__TASK INSTRUCTIONS__:
Within the records that follow, restate exactly the lines from the line with "Glitter Red 100pcs" down to the line with "利物浦大学建筑学院丨英国利物浦丨O’Donnell + Tuomey-42", including both. Omit the pictures.

__MATERIAL PROVIDED__:
::::

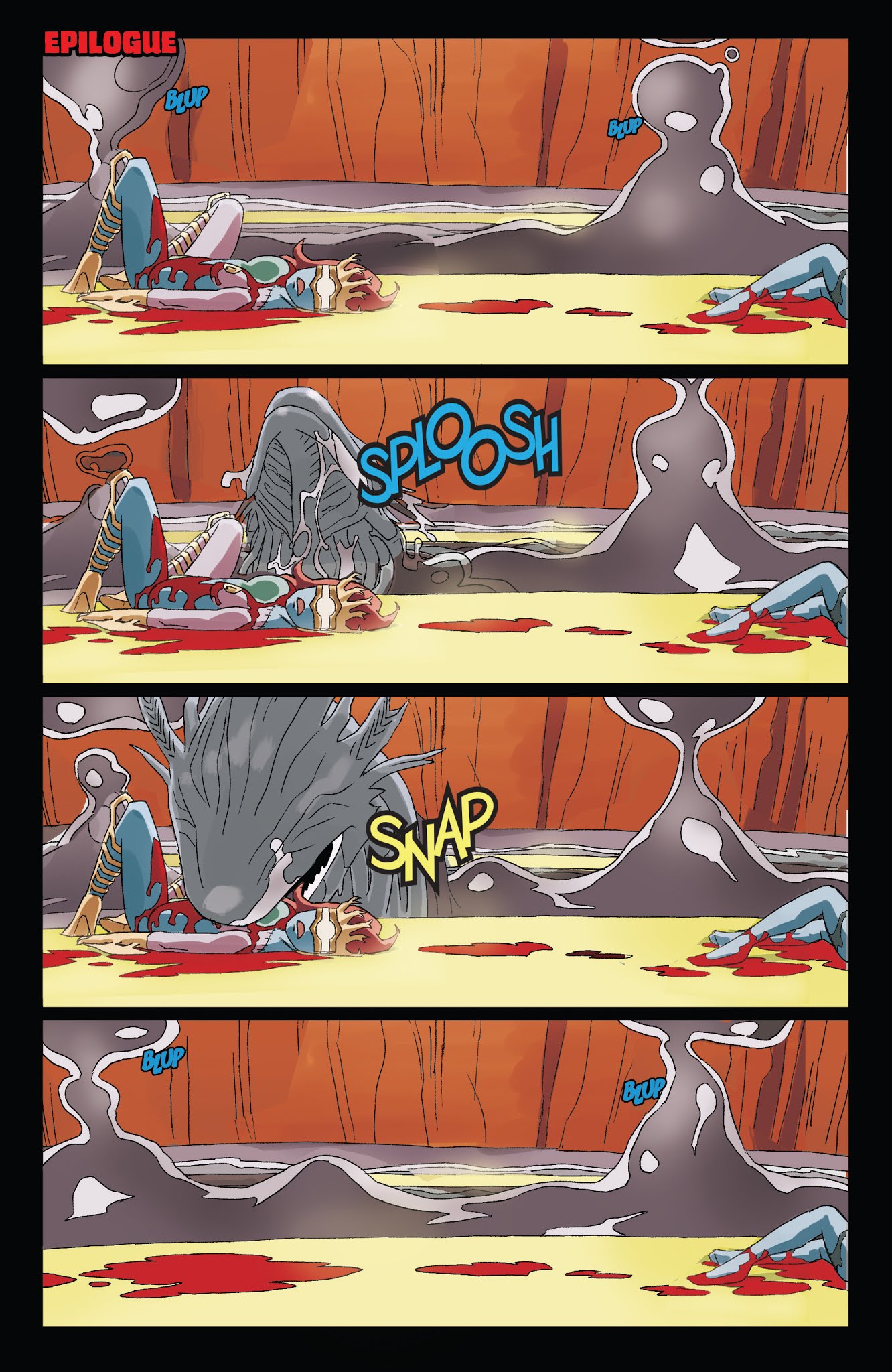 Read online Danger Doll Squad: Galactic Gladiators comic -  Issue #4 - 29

::::

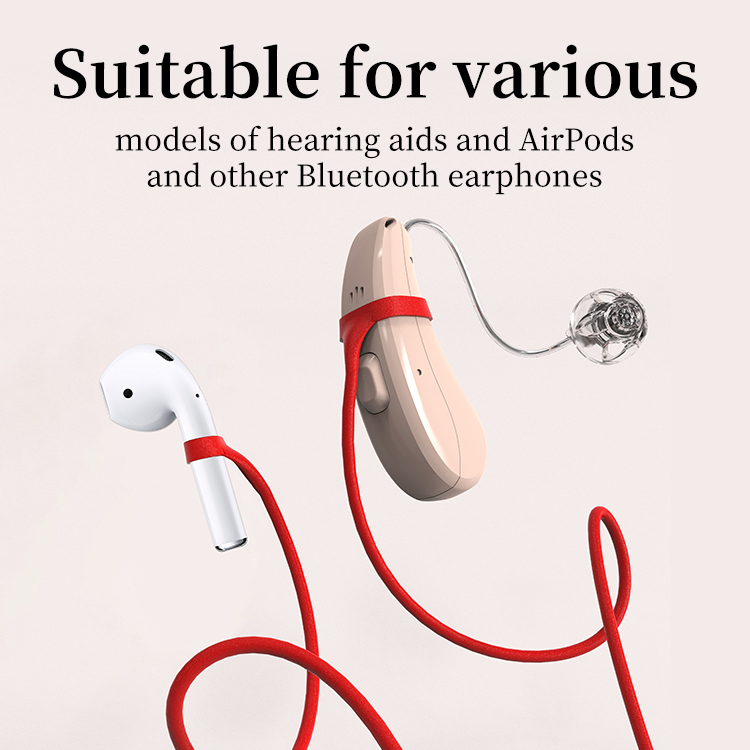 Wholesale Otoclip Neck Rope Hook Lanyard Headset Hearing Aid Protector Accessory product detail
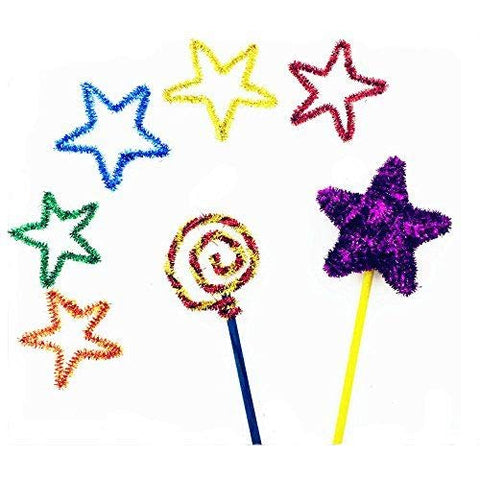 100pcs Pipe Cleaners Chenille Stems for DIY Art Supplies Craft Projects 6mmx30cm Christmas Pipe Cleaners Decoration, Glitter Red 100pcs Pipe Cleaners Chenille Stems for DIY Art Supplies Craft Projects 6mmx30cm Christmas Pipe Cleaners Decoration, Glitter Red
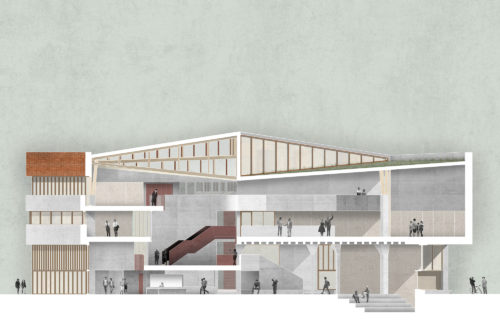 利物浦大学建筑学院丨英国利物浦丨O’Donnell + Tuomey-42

::::

__RESPONSE TO THIS EXERCISE__:
 100pcs Pipe Cleaners Chenille Stems for DIY Art Supplies Craft Projects 6mmx30cm Christmas Pipe Cleaners Decoration, Glitter Red 100pcs Pipe Cleaners Chenille Stems for DIY Art Supplies Craft Projects 6mmx30cm Christmas Pipe Cleaners Decoration, Glitter Red
 利物浦大学建筑学院丨英国利物浦丨O’Donnell + Tuomey-42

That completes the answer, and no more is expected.